Gold’s Re-positioning in the New Monetary Framework: Unique Value as a Cross-System Asset
In the emerging multi-asset framework, gold’s value is being reassessed due to its structural characteristics:
1. Gold does not depend on the credit of any single country
Its value is not directly affected by the policies, debt levels, or political risks of any one nation;
2. Gold is a cross-system reserve asset (across fiat currencies, systems, and political regimes)
It is among the few globally accepted "neutral assets" embraced widely by both developed and emerging markets;
3. Gold serves as a hedge against long-term inflation and currency volatility
4. Gold exists in both TradFi and DeFi ecosystems
It is one of the very few asset classes capable of seamless circulation between traditional finance and digital asset ecosystems.
Therefore, gold's return to the center of the global asset system is not due to short-term price gains, but because its cross-system attributes are being newly recognized.
Structural Limitations of Traditional Gold: Misalignment in the Digital Age
Despite rising importance, traditional forms of gold ownership face clear constraints:
● High purchase and custody costs
● Low efficiency in cross-border transfer
● Inability to verify authenticity on-chain
● Difficulty integrating smoothly into digital portfolio management systems
● Reporting transparency depends on custodians
Hence, institutions and investors alike are seeking gold infrastructure better suited to the digital era.
On-Chain Gold: Reshaping Reserve Assets Through Digital Infrastructure
On-chain gold represents an upgrade of gold’s infrastructure in the digital age—not a replacement of the asset itself. The core value of on-chain gold lies in enabling gold to be:
● Verifiable: Gold bar numbers and reserves can be directly verified on-chain
● Transferable: Freely movable across borders
● Integratable: Easily incorporated into digital asset portfolio management
● Auditable: Custody and on-chain records are transparent
It marks the third evolution of gold: from physical gold, to paper gold/ETFs, to on-chain gold (digitally verified + physically backed). This trend is not driven by any single company but by the broader advancement of global asset digitization. Within this shift, products like XAUm have established relatively clear structural frameworks. For example, XAUm, a digital gold token issued by Matrixdock, Matrixport’s RWA platform, features:
● Each XAUm backed by 1 troy ounce of 99.99% LBMA-certified gold
● Gold held in custody by professional firms such as Brink’s and Malca-Amit
● On-chain verification of individual gold bar IDs
● Free transferability between on-chain wallets
The significance of such products is not in creating "new gold," but in adapting gold to digital, cross-border, and multi-institutional management frameworks.

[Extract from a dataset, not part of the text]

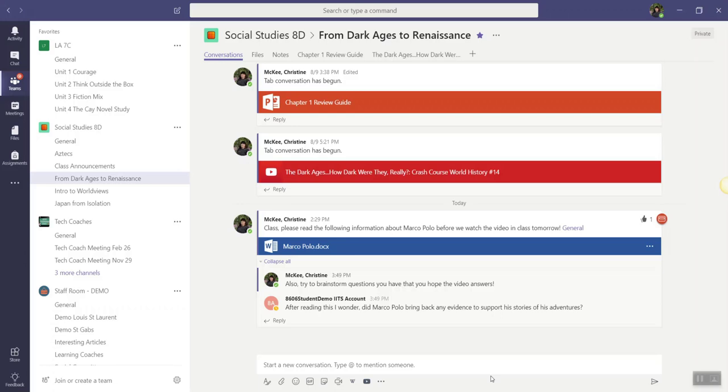Microsoft Teams is all about collaboration and communication, so of course you can collaborate and engage in conversations about files.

Toward a Multi-Asset System: Gold as a Structural Stabilizer, On-Chain Gold as a Technological Extension
The insights shared at the Singapore forum reflect deep structural changes underway in the global asset system:
● No longer singularly dependent on the U.S. dollar
● Reserve asset structures are diversifying
● Gold is being reaffirmed as a neutral anchor at the system’s core
● Digital infrastructure is reshaping how traditional reserve assets are used
The conclusion is clear: gold’s role has not changed, but its infrastructure is undergoing profound transformation. The emergence of on-chain gold enables gold to adapt to the global trends of digitalization, cross-border integration, and real-time asset allocation. In the future “multi-anchor, multi-system” architecture, gold will remain central—and digital gold (on-chain gold) will become its new form.